Query sequential files?

slavik0329 · Post by **slavik0329** » Fri Feb 24, 2006 2:56 pm

Hey,

I have a project in which there is a base query where I extract data to a sequential file in Dstage. Then up must run 3 seprate queries on that data. What is the most efficient way to do this?

Thanks,
Steve

I_Server_Whale · Post by **I_Server_Whale** » Fri Feb 24, 2006 3:00 pm

It is difficult to answer that without knowing what queries are you trying to run.

You can use stage variables and define constraints. But it would be nice on your part if you could provide the type of queries that you would like to run on this sequential file. This would help us in giving you a better solution.

Thanks,
Naveen.

slavik0329 · Post by **slavik0329** » Fri Feb 24, 2006 3:10 pm

naveendronavalli wrote:It is difficult to answer that without knowing what queries are you trying to run.

You can use stage variables and define constraints. But it would be nice on your part if you could provide the type of queries that you would like to run on this sequential file. This would help us in giving you a better solution.

Thanks,
Naveen.

type? umm, i'm not sure what you mean by type. The sub queries have multiple select statements, where clauses and order by's.

ray.wurlod · Post by **ray.wurlod** » Fri Feb 24, 2006 3:19 pm

The "most efficient" way will depend on exactly what you want to achieve, whether the queries are run in the same database, and a number of other factors. For example, can you form the join (or union) of the three queries in the database itself? That would probably be very efficient, and you may not even need DataStage - just export the result set to a text file. Most databases have this functionality.

slavik0329 · Post by **slavik0329** » Fri Feb 24, 2006 3:23 pm

ray.wurlod wrote:The "most efficient" way will depend on exactly what you want to achieve, whether the queries are run in the same database, and a number of other factors. For example, can you form the join (or union) of the three queries in the database itself? That would probably be very efficient, and you may not even need DataStage - just export the result set to a text file. Most databases have this functionality.

The point of having the base query run first and get extracted is to not have to run it(its a HUGE query) 3 times.
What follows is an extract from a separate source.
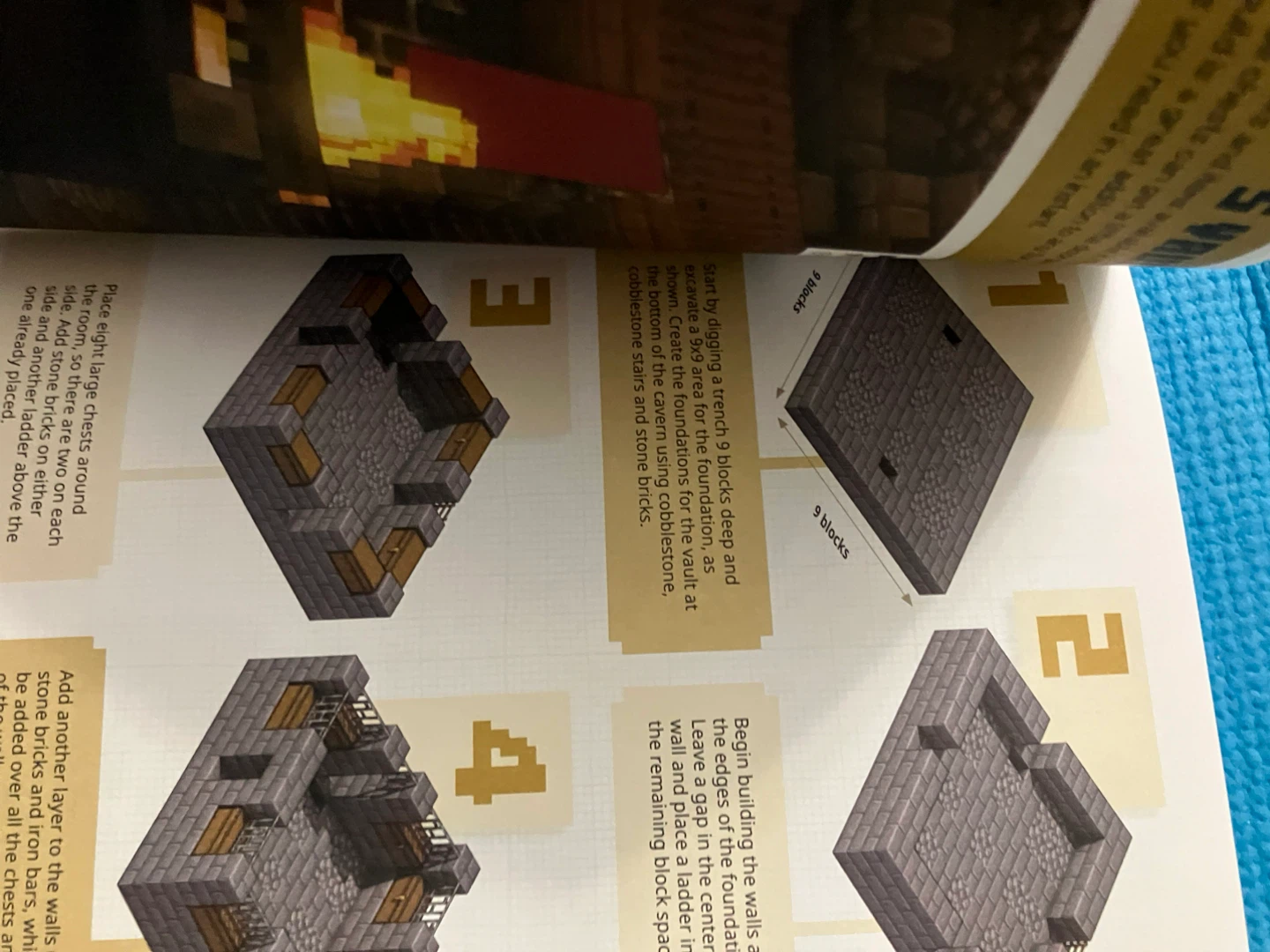 Minecraft Bite-Size Builds Book - photo 3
It takes about 2 or more hours to run.

I_Server_Whale · Post by **I_Server_Whale** » Fri Feb 24, 2006 4:22 pm

Hi slavik,

Then if you don't want to use the same stage for the other three queries that are to be run after the base query.

You can use a temporary table or also a unidata or universe stage to run the other three queries.

I have created a template for this kind of job. You can download it at:

http://s38.yousendit.com/d.aspx?id=2S ... ANCNE3F9

First the base query runs and loads the data in to the Universe stage, then you query this universe table with your first query and so on and finally load it to the sequential file.

But make sure that these should be in seperate jobs, not in one job like I showed. I mean, the OCI-->Universe will be a seperate job, Universe(query1)--->Universe in a seperate job and so on.

However, I'm not sure about the efficiency of this design when compared to running the union of all queries as our guru Ray suggested.

But incase you try this design. Please let us know how it performed

Thanks,
Naveen.